ACTIVITY
Below this line are records; transcribe exactly the lines between the one holding "Modern farmhouse exterior" and the one holding "Set of six durable", inclusive, and omit the pictures.

DATASET ENTRIES
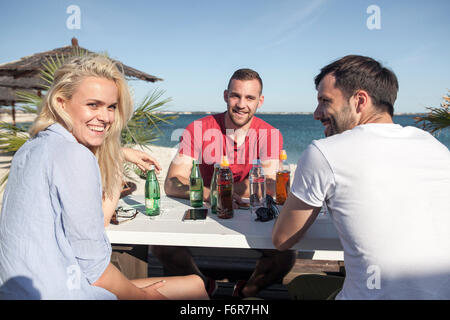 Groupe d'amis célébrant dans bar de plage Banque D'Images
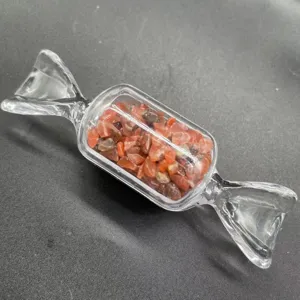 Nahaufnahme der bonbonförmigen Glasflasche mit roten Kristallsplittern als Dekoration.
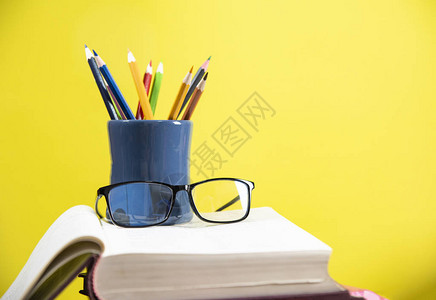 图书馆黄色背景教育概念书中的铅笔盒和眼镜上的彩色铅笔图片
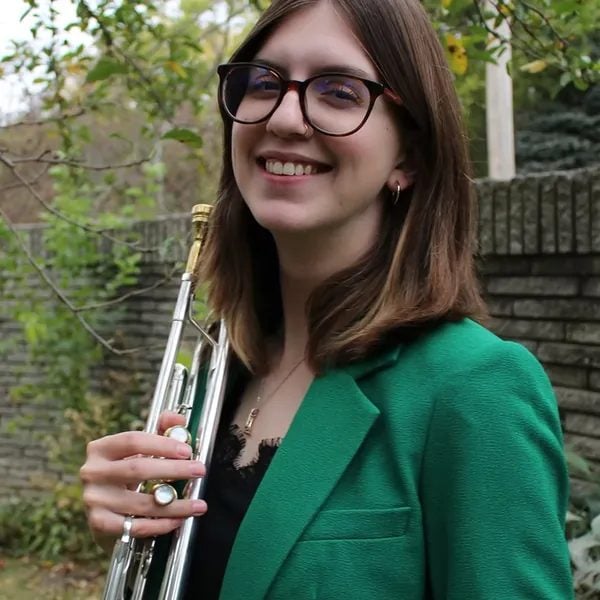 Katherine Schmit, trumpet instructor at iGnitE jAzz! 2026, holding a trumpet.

* * *

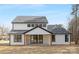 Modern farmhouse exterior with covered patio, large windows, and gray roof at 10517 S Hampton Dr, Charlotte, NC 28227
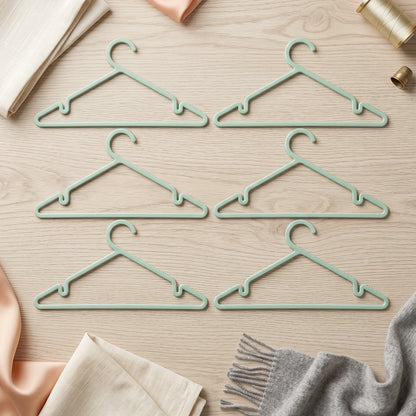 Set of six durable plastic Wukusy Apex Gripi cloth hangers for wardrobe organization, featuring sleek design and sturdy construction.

--

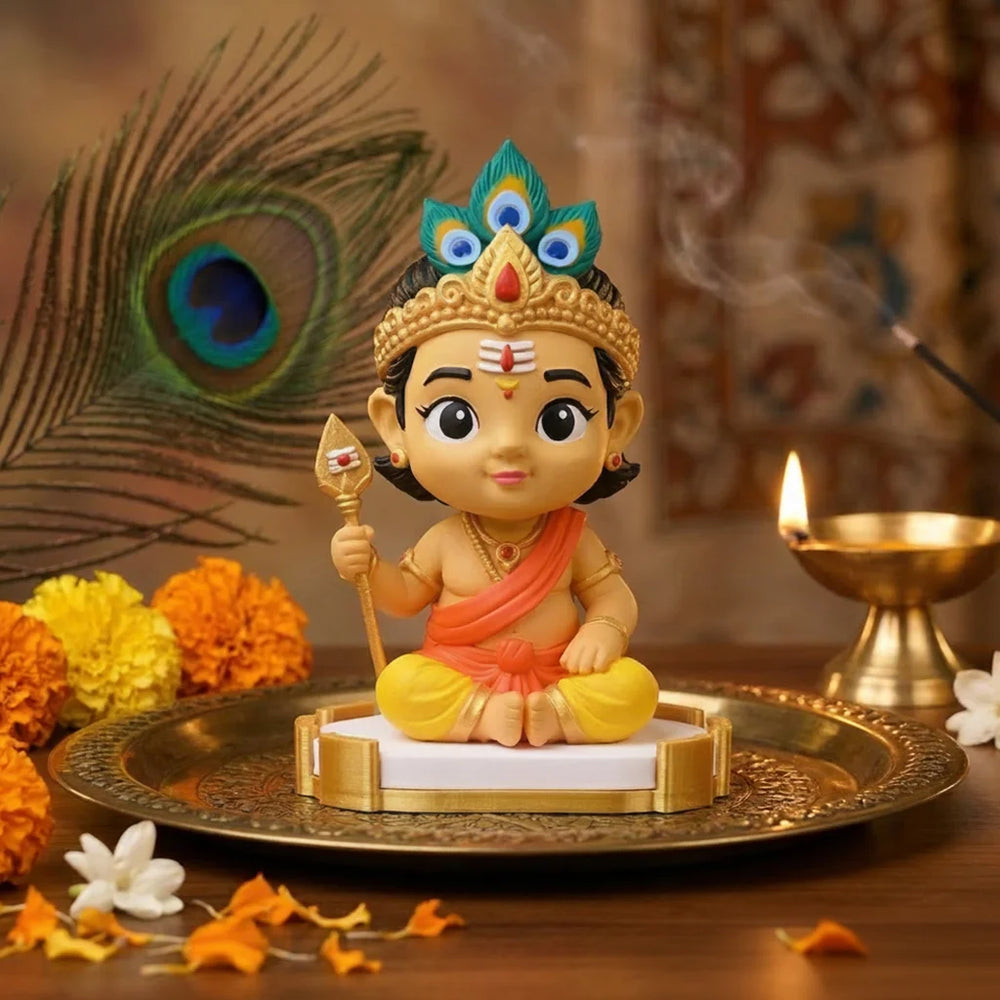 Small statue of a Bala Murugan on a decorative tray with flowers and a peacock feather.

SOLUTION BELOW
 Modern farmhouse exterior with covered patio, large windows, and gray roof at 10517 S Hampton Dr, Charlotte, NC 28227
 Set of six durable plastic Wukusy Apex Gripi cloth hangers for wardrobe organization, featuring sleek design and sturdy construction.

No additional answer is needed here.